Records to process section start

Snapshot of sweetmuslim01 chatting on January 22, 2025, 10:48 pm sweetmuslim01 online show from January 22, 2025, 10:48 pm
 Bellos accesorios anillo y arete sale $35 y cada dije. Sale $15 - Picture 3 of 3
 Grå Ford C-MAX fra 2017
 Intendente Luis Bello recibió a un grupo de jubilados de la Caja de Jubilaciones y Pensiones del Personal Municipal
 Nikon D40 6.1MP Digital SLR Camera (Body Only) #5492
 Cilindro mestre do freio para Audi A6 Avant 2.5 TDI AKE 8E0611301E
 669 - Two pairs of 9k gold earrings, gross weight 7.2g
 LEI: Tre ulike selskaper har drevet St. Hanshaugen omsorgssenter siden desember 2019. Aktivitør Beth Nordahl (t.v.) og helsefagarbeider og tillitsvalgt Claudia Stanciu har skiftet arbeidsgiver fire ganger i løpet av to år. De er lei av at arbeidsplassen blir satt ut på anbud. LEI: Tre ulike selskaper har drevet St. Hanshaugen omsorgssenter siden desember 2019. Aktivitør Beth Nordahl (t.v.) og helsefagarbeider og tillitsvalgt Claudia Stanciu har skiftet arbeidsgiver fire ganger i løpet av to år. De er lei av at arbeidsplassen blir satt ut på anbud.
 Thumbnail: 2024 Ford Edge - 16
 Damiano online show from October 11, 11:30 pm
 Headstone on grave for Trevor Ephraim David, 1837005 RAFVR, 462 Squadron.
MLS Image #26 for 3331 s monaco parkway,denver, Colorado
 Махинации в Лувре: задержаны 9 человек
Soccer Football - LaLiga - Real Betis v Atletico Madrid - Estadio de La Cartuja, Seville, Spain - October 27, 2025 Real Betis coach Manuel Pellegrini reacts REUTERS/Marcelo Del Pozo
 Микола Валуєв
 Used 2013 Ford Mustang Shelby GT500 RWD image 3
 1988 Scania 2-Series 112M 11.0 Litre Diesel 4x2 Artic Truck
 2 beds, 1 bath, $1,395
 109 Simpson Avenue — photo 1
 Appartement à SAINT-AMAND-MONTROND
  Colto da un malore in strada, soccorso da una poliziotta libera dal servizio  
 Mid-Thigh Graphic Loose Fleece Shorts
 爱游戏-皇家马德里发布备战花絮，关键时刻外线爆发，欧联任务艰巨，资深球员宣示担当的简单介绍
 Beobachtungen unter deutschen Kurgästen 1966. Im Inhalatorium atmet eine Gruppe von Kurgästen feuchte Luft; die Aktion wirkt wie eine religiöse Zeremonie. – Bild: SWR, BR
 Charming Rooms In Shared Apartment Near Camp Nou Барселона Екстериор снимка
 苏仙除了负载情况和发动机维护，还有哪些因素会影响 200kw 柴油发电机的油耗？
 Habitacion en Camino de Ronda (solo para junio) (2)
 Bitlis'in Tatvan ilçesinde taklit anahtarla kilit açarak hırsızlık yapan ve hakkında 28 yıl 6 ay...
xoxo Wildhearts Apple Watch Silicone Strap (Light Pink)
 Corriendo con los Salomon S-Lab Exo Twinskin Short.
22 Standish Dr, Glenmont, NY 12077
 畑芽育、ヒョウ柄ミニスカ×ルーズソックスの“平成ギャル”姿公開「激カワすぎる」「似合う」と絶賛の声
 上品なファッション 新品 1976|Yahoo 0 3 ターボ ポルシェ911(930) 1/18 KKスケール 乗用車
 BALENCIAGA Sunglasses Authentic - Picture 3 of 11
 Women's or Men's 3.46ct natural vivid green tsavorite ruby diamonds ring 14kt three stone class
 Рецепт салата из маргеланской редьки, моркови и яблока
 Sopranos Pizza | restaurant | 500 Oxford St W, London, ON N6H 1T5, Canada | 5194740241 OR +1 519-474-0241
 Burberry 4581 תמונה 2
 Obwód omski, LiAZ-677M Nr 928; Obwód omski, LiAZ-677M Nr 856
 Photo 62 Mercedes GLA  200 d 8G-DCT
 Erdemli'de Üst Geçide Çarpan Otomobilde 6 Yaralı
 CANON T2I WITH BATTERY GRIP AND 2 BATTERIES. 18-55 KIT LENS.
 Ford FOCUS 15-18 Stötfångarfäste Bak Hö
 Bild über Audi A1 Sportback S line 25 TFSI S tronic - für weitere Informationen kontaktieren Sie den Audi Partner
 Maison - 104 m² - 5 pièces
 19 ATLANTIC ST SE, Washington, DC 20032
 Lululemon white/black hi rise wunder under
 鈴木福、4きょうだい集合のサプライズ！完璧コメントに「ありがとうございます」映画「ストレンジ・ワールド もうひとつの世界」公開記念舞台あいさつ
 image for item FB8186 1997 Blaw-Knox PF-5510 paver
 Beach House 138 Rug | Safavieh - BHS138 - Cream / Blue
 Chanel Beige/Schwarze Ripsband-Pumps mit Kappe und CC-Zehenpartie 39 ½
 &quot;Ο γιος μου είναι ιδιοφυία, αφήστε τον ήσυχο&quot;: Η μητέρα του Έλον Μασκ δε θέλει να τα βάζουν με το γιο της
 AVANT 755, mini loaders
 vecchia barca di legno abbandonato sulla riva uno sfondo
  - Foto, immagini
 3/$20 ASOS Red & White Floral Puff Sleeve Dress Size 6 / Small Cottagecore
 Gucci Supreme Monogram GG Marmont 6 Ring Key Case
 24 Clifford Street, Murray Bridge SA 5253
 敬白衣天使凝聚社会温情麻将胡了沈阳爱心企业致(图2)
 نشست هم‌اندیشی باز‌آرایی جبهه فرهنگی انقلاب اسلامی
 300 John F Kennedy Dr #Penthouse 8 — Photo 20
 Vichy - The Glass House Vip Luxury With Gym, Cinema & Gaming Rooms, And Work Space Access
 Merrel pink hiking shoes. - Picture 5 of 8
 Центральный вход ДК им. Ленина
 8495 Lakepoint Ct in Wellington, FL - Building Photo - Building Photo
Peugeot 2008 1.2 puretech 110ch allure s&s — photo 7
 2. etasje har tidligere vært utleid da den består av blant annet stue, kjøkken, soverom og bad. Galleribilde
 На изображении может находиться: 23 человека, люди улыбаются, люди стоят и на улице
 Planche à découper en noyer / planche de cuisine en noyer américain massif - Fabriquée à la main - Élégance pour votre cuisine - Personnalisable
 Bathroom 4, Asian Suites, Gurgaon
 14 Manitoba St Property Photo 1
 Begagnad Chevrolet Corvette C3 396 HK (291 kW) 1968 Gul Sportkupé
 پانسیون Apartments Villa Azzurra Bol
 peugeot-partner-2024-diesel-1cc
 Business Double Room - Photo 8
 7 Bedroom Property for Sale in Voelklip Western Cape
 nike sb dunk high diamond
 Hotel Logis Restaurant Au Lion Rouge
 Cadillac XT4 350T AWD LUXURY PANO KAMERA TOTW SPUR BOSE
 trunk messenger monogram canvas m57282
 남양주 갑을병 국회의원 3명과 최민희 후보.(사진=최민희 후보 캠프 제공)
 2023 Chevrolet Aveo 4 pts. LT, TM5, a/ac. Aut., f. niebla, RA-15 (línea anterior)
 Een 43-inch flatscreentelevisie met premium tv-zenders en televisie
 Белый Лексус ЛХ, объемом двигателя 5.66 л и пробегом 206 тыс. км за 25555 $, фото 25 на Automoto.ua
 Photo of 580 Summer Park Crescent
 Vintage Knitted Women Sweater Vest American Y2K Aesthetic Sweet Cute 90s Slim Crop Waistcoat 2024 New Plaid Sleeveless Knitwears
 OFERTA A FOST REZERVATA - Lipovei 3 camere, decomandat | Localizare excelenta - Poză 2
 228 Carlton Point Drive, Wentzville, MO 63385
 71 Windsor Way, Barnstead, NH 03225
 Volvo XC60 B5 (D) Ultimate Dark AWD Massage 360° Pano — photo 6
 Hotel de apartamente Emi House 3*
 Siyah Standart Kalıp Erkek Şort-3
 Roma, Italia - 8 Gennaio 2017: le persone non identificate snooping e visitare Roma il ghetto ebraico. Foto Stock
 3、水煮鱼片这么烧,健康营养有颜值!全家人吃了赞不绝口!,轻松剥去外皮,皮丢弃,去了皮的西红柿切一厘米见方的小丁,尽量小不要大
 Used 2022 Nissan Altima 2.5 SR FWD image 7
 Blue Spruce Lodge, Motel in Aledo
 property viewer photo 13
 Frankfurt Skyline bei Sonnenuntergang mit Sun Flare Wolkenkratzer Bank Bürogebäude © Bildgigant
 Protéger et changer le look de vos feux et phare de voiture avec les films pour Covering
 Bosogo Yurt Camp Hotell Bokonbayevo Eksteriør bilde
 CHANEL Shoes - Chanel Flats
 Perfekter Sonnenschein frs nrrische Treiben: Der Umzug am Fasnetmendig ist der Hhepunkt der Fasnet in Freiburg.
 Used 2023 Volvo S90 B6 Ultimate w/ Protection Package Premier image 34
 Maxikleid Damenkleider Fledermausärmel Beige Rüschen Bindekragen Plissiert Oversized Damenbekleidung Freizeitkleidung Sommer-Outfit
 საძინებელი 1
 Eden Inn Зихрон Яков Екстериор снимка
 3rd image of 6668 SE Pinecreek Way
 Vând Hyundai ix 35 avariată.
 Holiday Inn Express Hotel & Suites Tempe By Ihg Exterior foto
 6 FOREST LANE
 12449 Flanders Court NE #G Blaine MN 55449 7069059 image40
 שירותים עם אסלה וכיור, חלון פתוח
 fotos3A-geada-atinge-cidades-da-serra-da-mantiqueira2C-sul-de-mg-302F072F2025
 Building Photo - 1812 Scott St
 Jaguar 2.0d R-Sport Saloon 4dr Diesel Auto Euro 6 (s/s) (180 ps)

Records to process section end

### Directions
In the listing above, find the line with "trunk messenger monogram canvas m57282" and the line with "Vintage Knitted Women", then print exactly those lines and every line between them.

### Completed exercise
 trunk messenger monogram canvas m57282
 남양주 갑을병 국회의원 3명과 최민희 후보.(사진=최민희 후보 캠프 제공)
 2023 Chevrolet Aveo 4 pts. LT, TM5, a/ac. Aut., f. niebla, RA-15 (línea anterior)
 Een 43-inch flatscreentelevisie met premium tv-zenders en televisie
 Белый Лексус ЛХ, объемом двигателя 5.66 л и пробегом 206 тыс. км за 25555 $, фото 25 на Automoto.ua
 Photo of 580 Summer Park Crescent
 Vintage Knitted Women Sweater Vest American Y2K Aesthetic Sweet Cute 90s Slim Crop Waistcoat 2024 New Plaid Sleeveless Knitwears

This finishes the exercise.